A B A C U S    Issue 2.04 - April 1996

Break Up BT!

By Charles Haslam & Paul Grover



Through years of hard work, BT has transformed itself into one of Europe's best managed telecoms companies. And it has played a key role in giving Britain some of Europe's lowest-cost and highest-quality communications services. The best reward for those hard-won achievements? To break BT into half a dozen pieces. For what BT has so far achieved is to bring itself to the forefront of the 20th-century telecoms industry. To lead in the 21st, it will have to reshape itself completely.

Telecoms markets are disintegrating. When BT took its present form, telecoms meant telephones - in black bakelite - and the only company providing these telephones was BT itself. Today email, video-conferencing, computer data, fax, voice, the Internet and a raft of other services all jumble together on BT's lines, while a growing number of competitors are trying to lure away the most profitable of BT's customers. A break-up represents the best chance that BT - and, with it, Britain - have of prospering from this change, instead of being over-whelmed by it, for three reasons.
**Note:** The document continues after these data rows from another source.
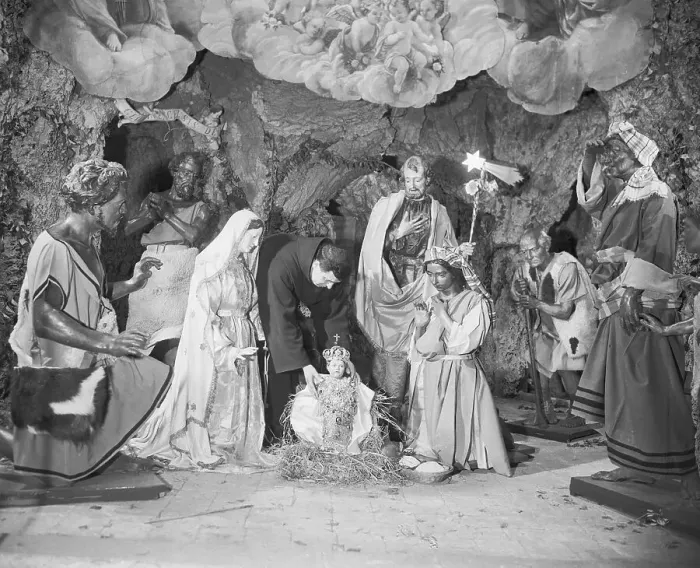Framed Print : Manger Scene Framed Print : Manger Scene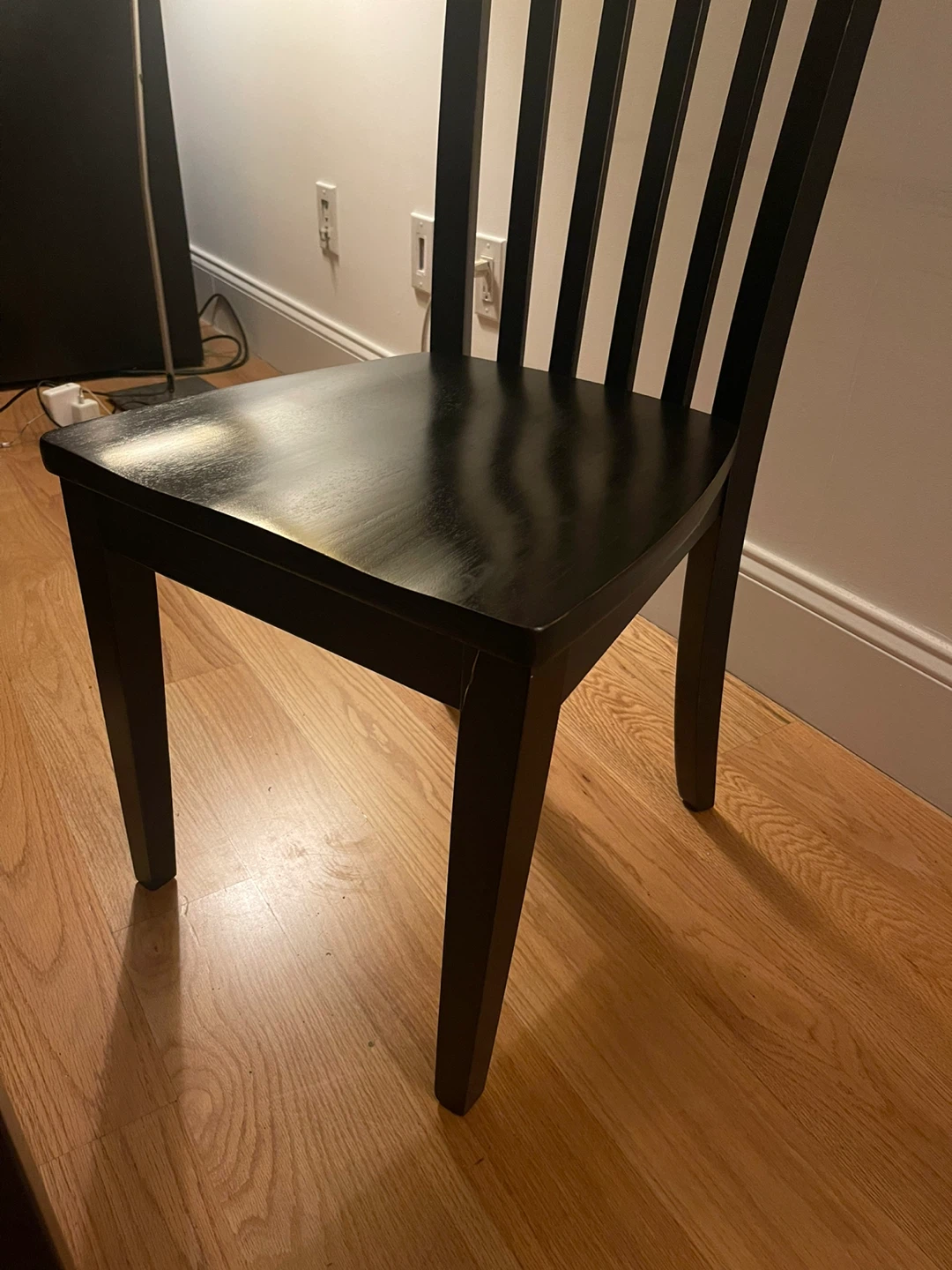 Elegant wood extendable dining table with chairs - photo 3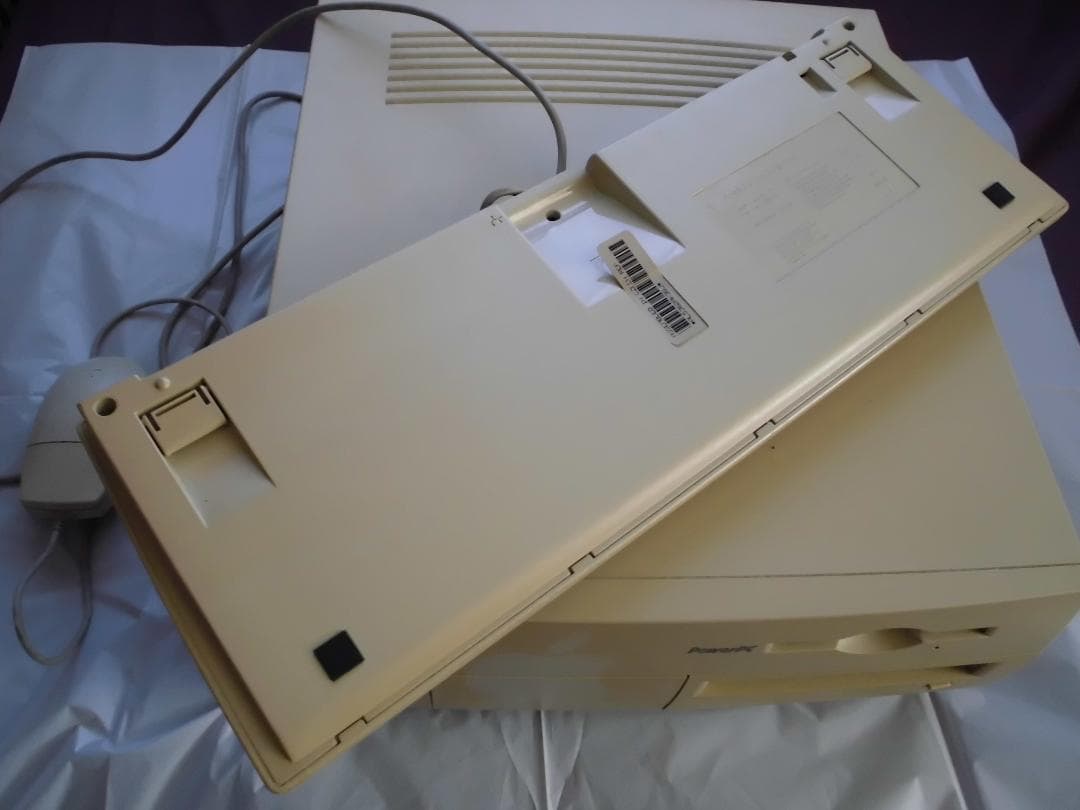 【動作確認済み・ジャンク扱い】 7500/100 キーボード マウス付き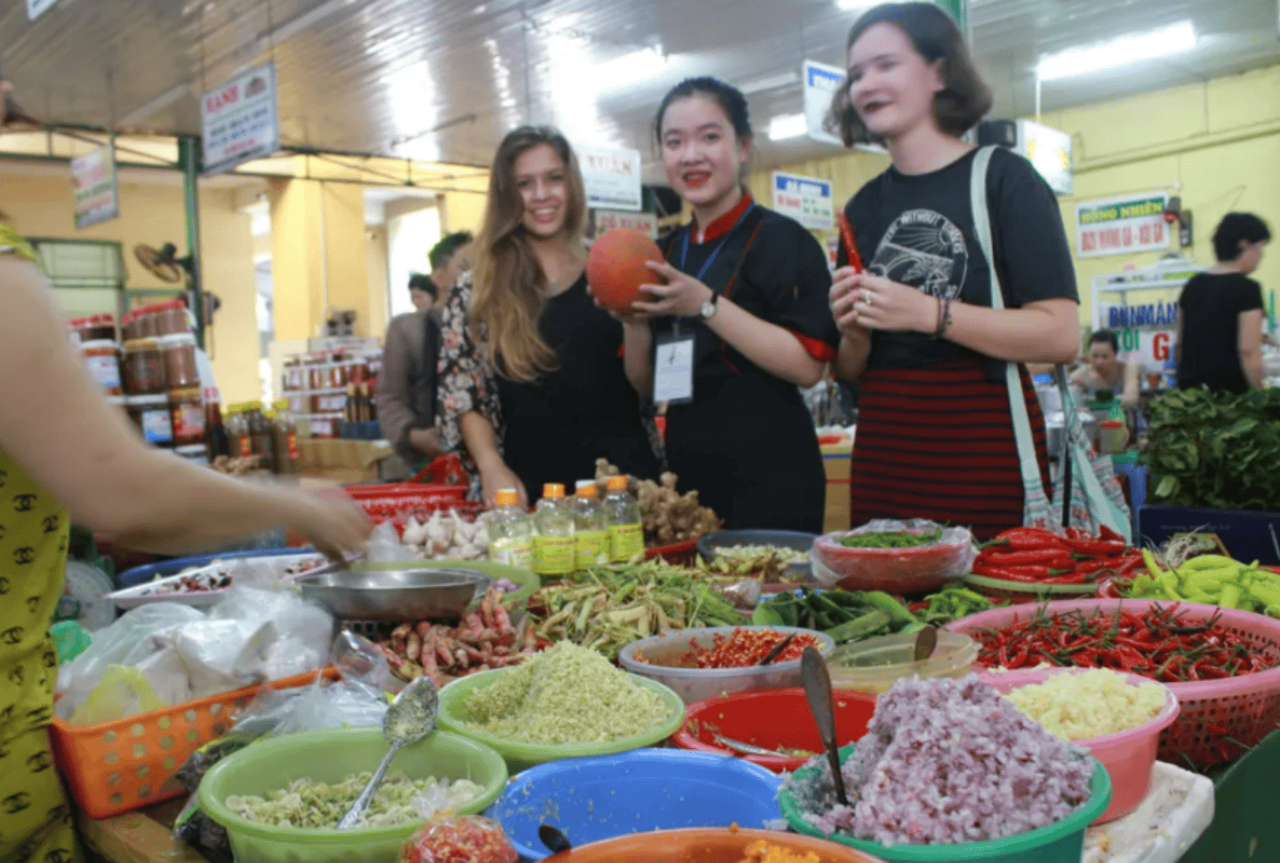 Da Nang Food Walking Tour with a Chef 4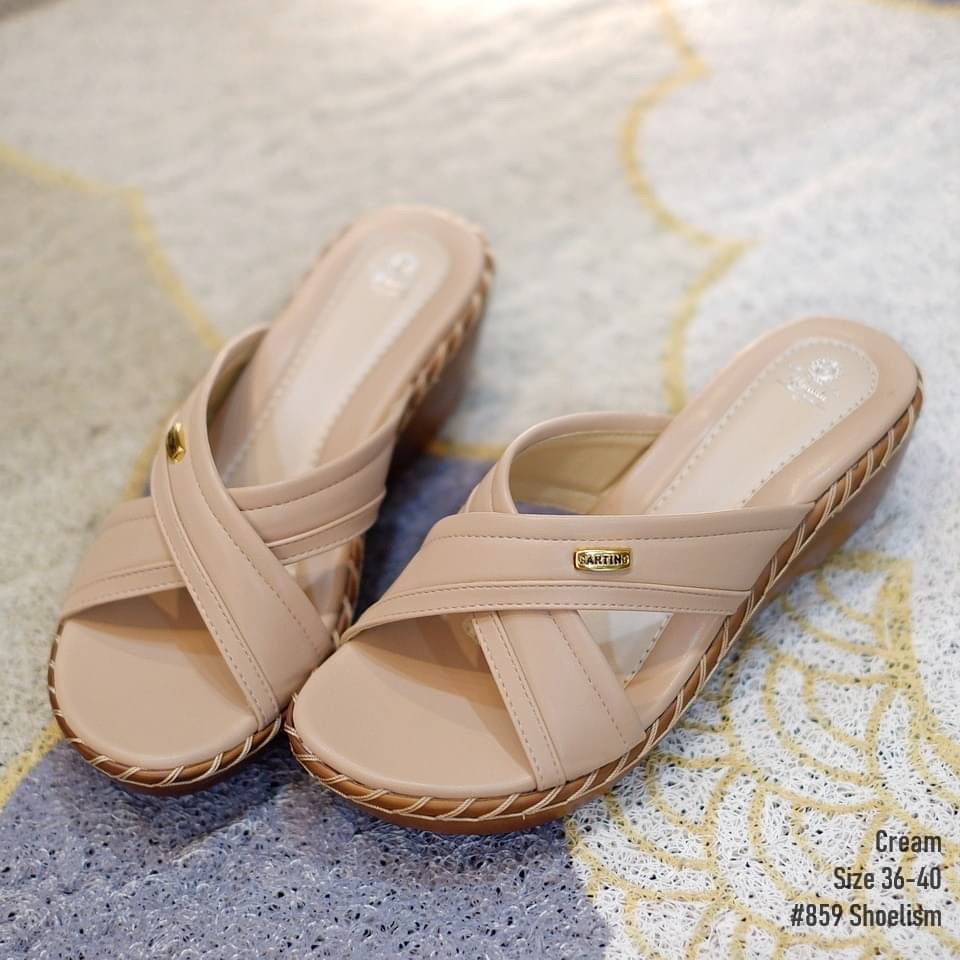 บอกเลยต้องมี!! รองเท้าลำลอง รองเท้าเพื่อสุภาพ เปิดหน้าเท้า คาดหน้าไขว้ติดอะไหล่ทอง สวมใส่ง่าย ใส่สบายมาก รับรองไม่ผิดหวังแน่นอน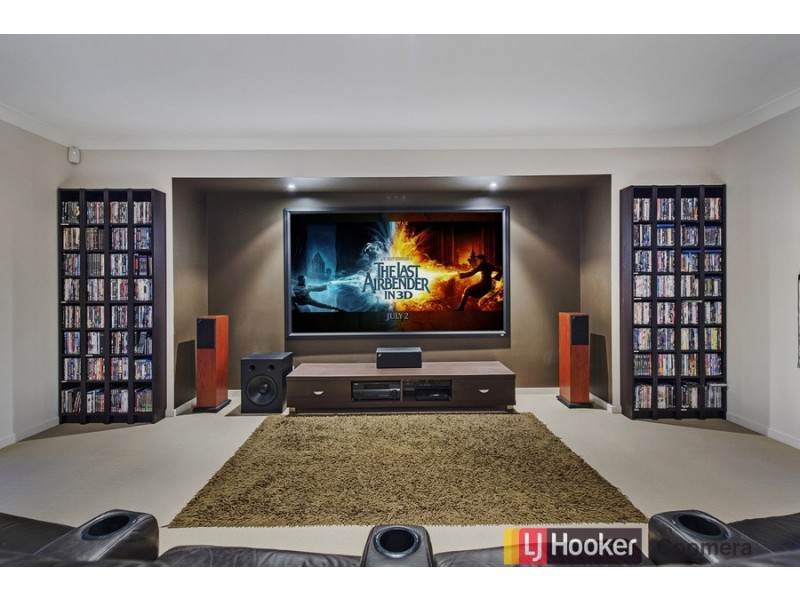 22 Kintail Lane, Coomera Waters QLD 4209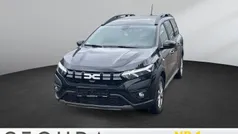 Perlmuttschwarz Gebraucht 2024 Dacia Jogger Expression Limousine | 20.475 € (Fairer Preis)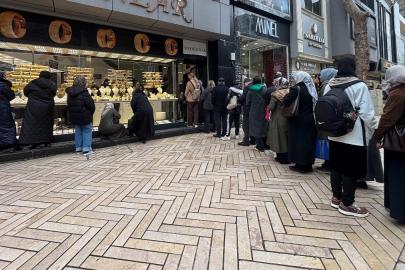 Altın fiyatları düşünce kuyruklar uzadı: Kocaeli'de kuyumcular doldu taştı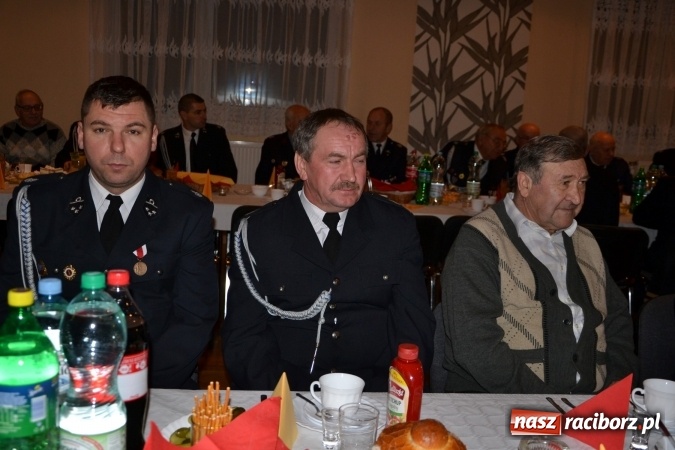 Zdjęcie w galerii na portalu naszraciborz.pl: Druhowie seniorzy z gminy Krzyżanowice spotkali się w Nowej Wiosce wiadomości z regionu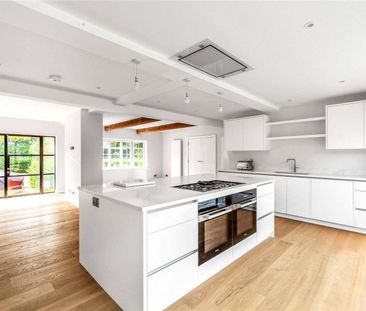 Immaculately presented five bedroom character home on a premier roa... - Photo 6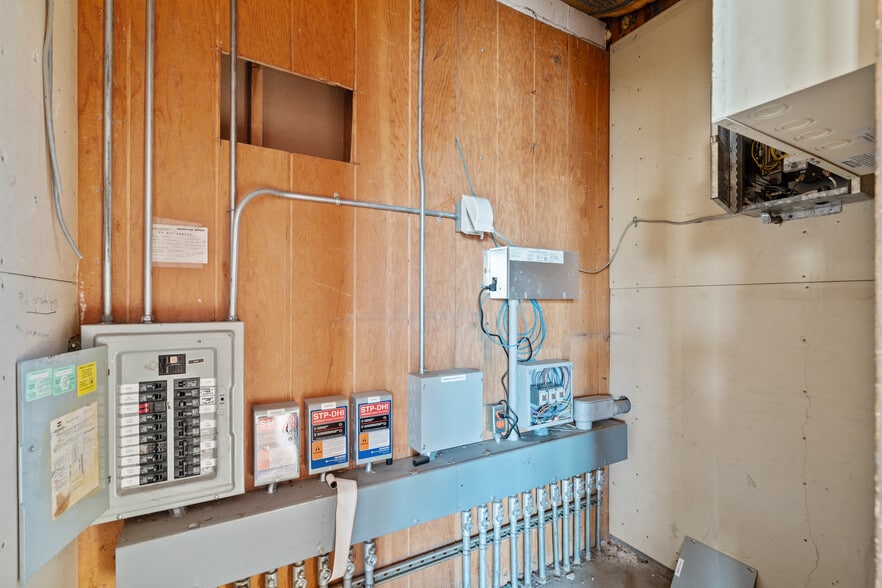 More Photos Of 1211 E Lewis St, Pasco Convenience Store For Sale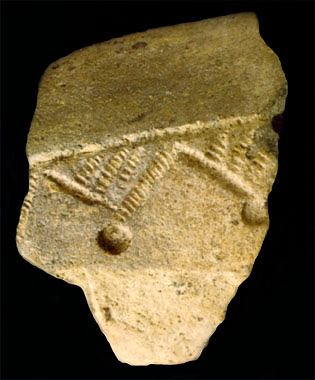 Capannori, frammento di ceramica d'impasto con decorazione incisa (VIII sec. a.C.)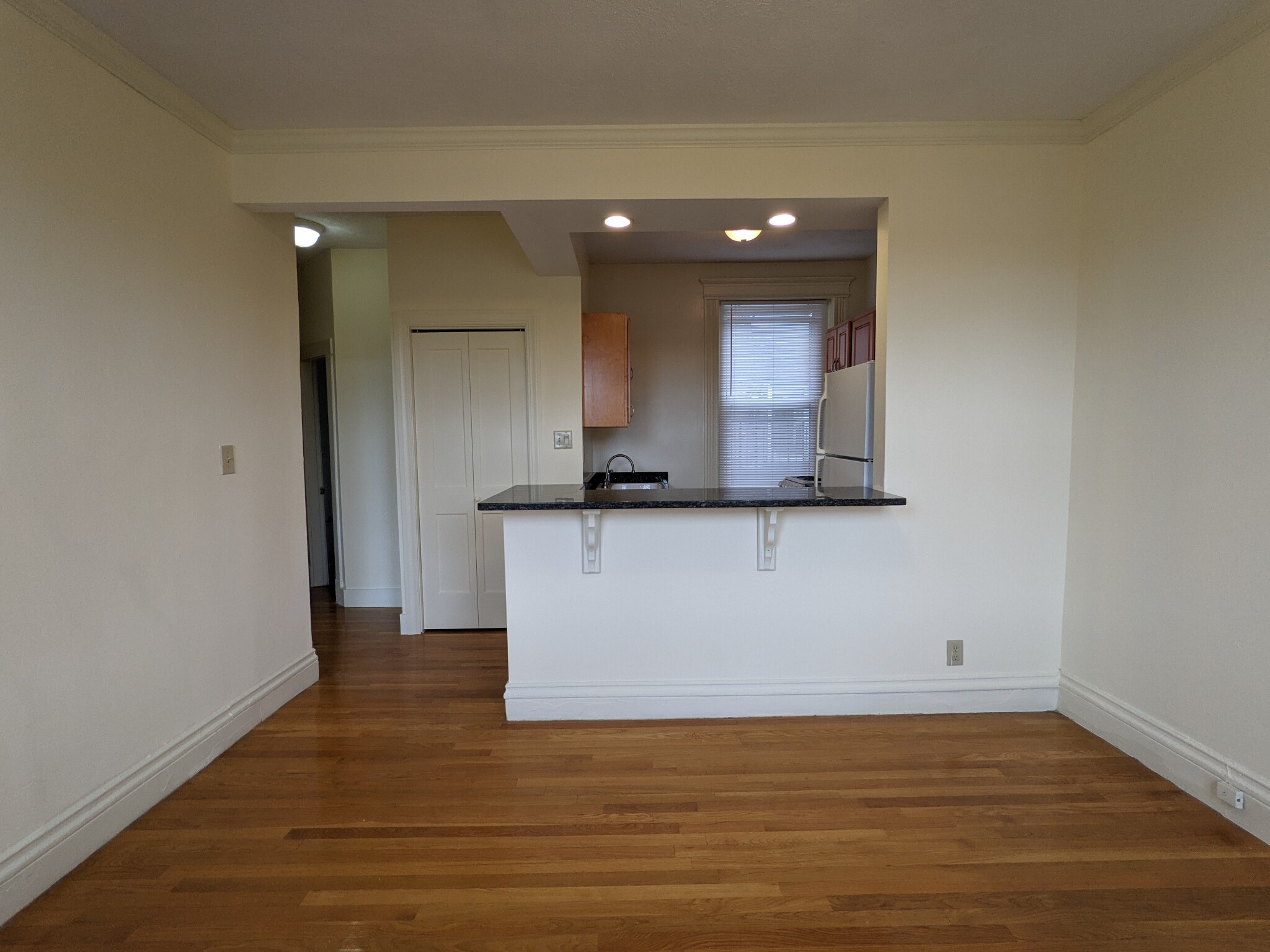 32 Queensberry St, Fenway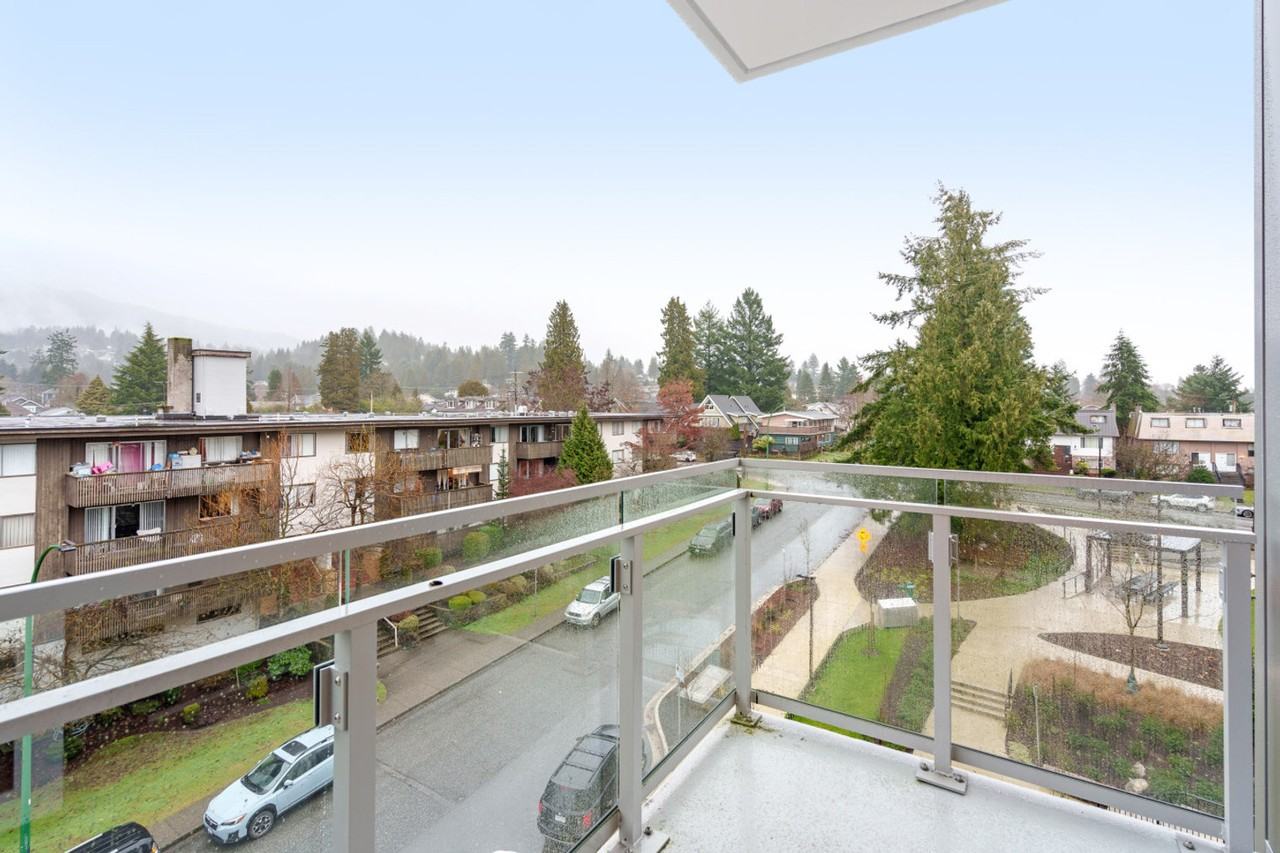 245 16th St E #1467230P - Photo 5 of 32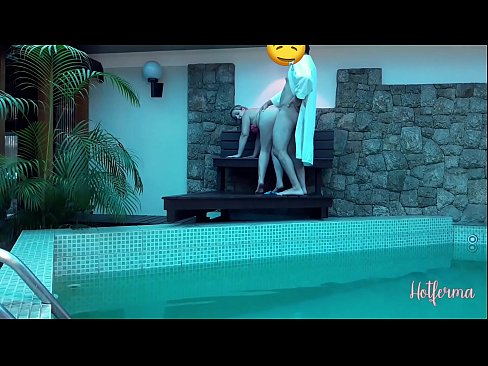 ❤️ Bos mengundang pelayan ke kolam renang, tetapi tidak bisa menahan panas ❤❌ Porno di id.sex78.ru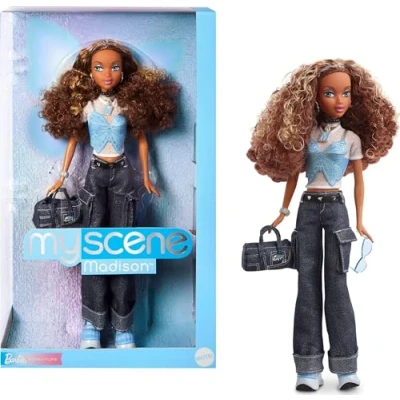 Imagen de Barbie Signature My Scene Madison Muñeca y Accesorios, Conjunto Inspirado en los años 2000 con un Top de Mariposas, Pantalones Cargo Bolso Tela Vaquera, Incluye Soporte para la muñeca, HYC18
Firstly, breaking up BT will create smaller companies that fit their markets - be they selling telephones for the home, or global data networks to giant firms. Secondly, breaking up BT is the best way to resolve the regulatory stalemate between Ian Vallance and Peter Bonfield, BT's chairman and chief executive respectively, and Oftel's Don Cruickshank. Why? Because only break-up can really separate BT's infrastructure businesses (eg, the wires), which will have to remain regulated for the foreseeable future, from its service businesses (eg, the software that routes telephone calls over wires), many of which could be deregulated immediately. The third and final reason for breaking up BT is simply that, depending on how BT structures the deal, it could make the company a lot of money - enough to pay the £15 billion bill for wiring every British home and office with fibre-optic cable.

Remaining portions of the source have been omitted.